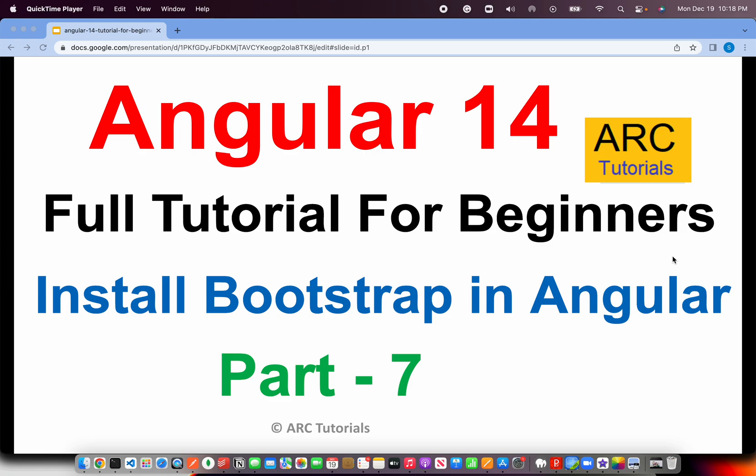Welcome to ARC Tutorials. This is Angular 14 Full Tutorial Series for Absolute Beginners. In today's episode, we are going to learn about how to install Bootstrap Framework in Angular applications.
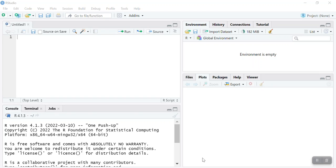Today we're going to practice decision-making in R programming language using if-else conditional statements. But before talking about if-else, let's review some important Boolean expressions in R, as they are a requirement for if-else statements.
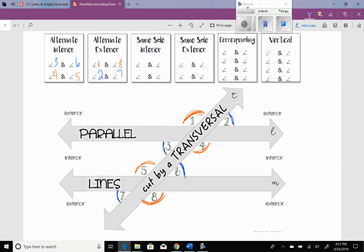Now we have same side interior angles. These are going to be on the same side of the transversal, but they're going to be in between the two lines. So right here we have 5 and 3 — a pair of same side interior. And then the other pair: 6 and 4. Notice five and three have one orange and one blue; six and four have one orange and one blue. If they're two different colors, they add up to 180. So alternate interior angles are congruent, alternate exterior angles are congruent, and same side interior angles add up to 180.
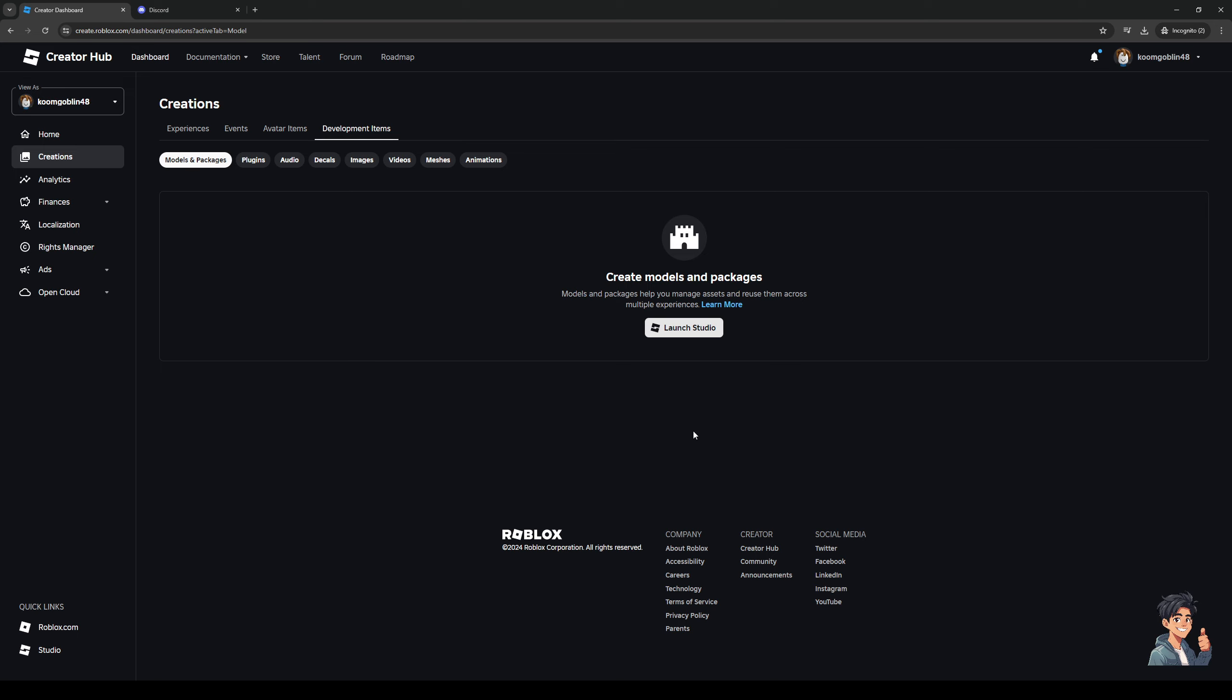So the criteria for Roblox assets or files is that we want to make sure that they have a file size that's no more than 20 megabytes. Actually it could go lower than 20 megabytes, so anything higher than that will not be allowed to be uploaded on Roblox.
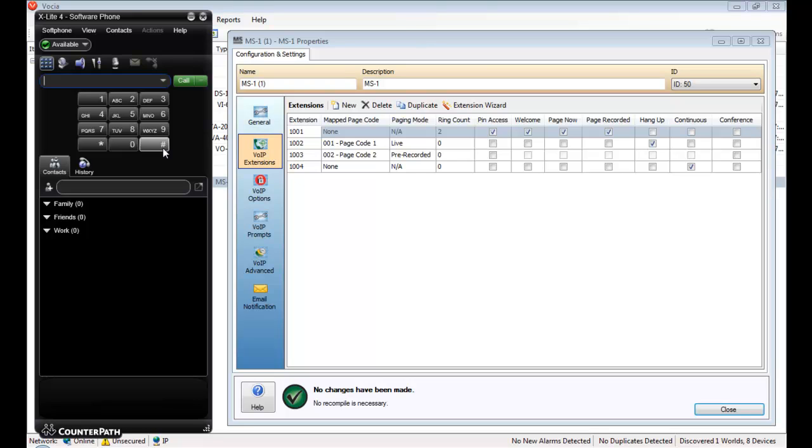The ring count for both paging events has been set to zero, which allows the VoIP system to answer almost immediately. Pin access and all prompts have been disabled, and the hang-up option has been selected for extension 1002. The hang-up option releases the page automatically as soon as the user hangs up the phone. This disables the prompt asking whether the page should be released or if it should be cancelled.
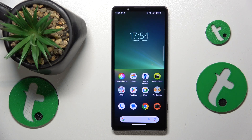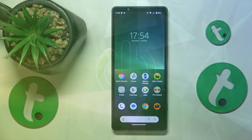This is Sony Xperia 5 Mark 5 and today I'll show how you can block all spam and robocalls on this device.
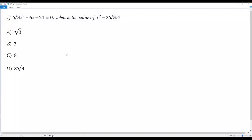Here we have a SAT math question. If square root of 3 times x squared negative 6x negative 24 equals zero, what is the value of x squared negative 2 times square root of 3 times x?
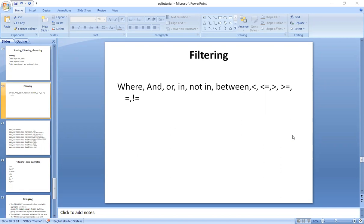We use the WHERE clause. WHERE also supports AND, OR, IN, NOT IN, BETWEEN, less than, less than or equal to, greater than, greater than or equal to, and not equal to. If we use these, we will filter the data.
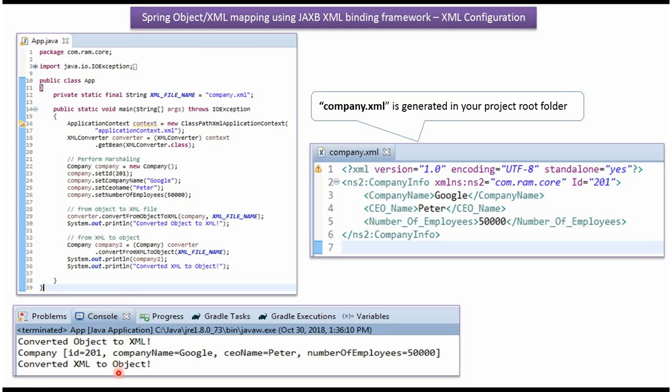Here you can see the output. And company.xml will be generated in our project root folder. It will look like this.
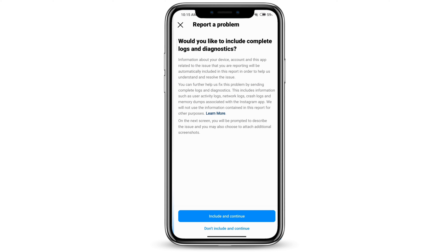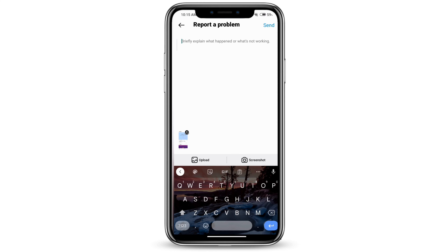If you want to include complete logs and diagnostics, click on Include and Continue. If not, click on Don't Include and Continue. The screenshot is already uploaded as you can see, and you can explain what has happened — for example, 'My Reels are not showing on my Instagram.'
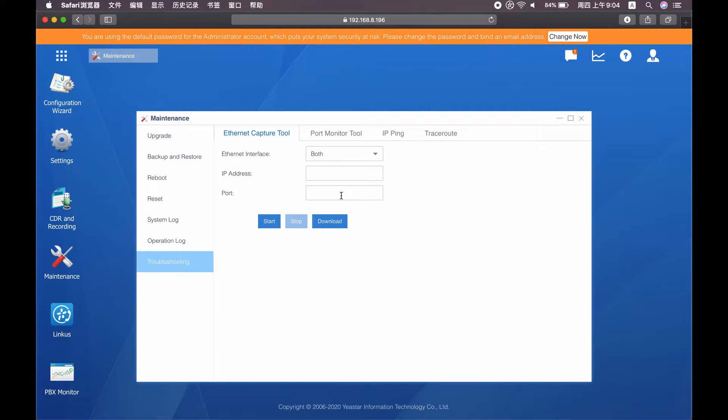If you know which network interface issue is related to, choose the one you know. If you don't know which interface to choose, then choose both.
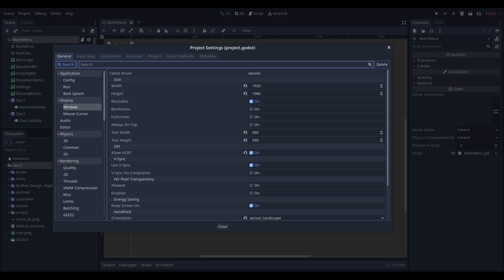There are a couple of settings in iOS that are different, and Godot has a couple of weird settings here. This is Godot 3.5.2, but it is in all the 3.5s. I don't know if it is in 4.0 as well. But there are two things you should really pay attention to to make sure your export to iOS goes smoothly, and they're all in the project settings, not in the export itself.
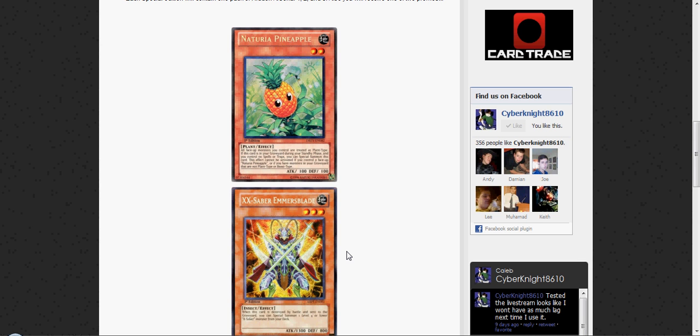They will be the two promos that you can get. It'll be random which one you get, but you will get one of these two with the packs of Hidden Arsenal 1, 2, and 3.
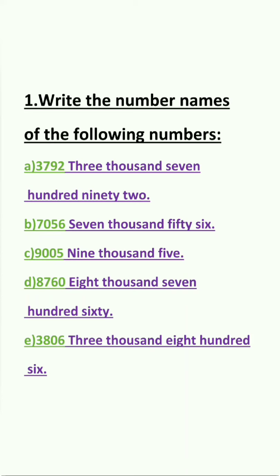Next, we have question C: 9, 0, 0, 5. Students, in this question you can see 5 is in the 1's place, but in the 10's and 100's place we have 0. So we do not have to mention 0. And at last, we have 9 in the 1000's place. So the answer will be 9,005.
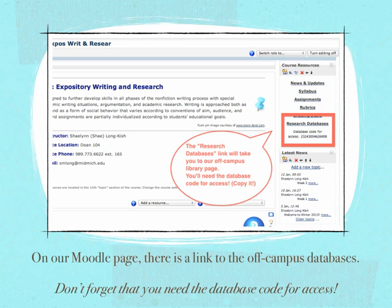On our Moodle page, for most online classes, there's going to be a link to the off-campus databases. There's also going to be a database code for access. Make sure that you copy that database code so that you can paste it when prompted.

§ §

Look above for the line with "This is Sony" and the line with "Here we have a". Give again exactly those two lines and all lines between them, pictures excluded.

This is Sony Xperia 5 Mark 5 and today I'll show how you can block all spam and robocalls on this device.
Here we have a SAT math question. If square root of 3 times x squared negative 6x negative 24 equals zero, what is the value of x squared negative 2 times square root of 3 times x?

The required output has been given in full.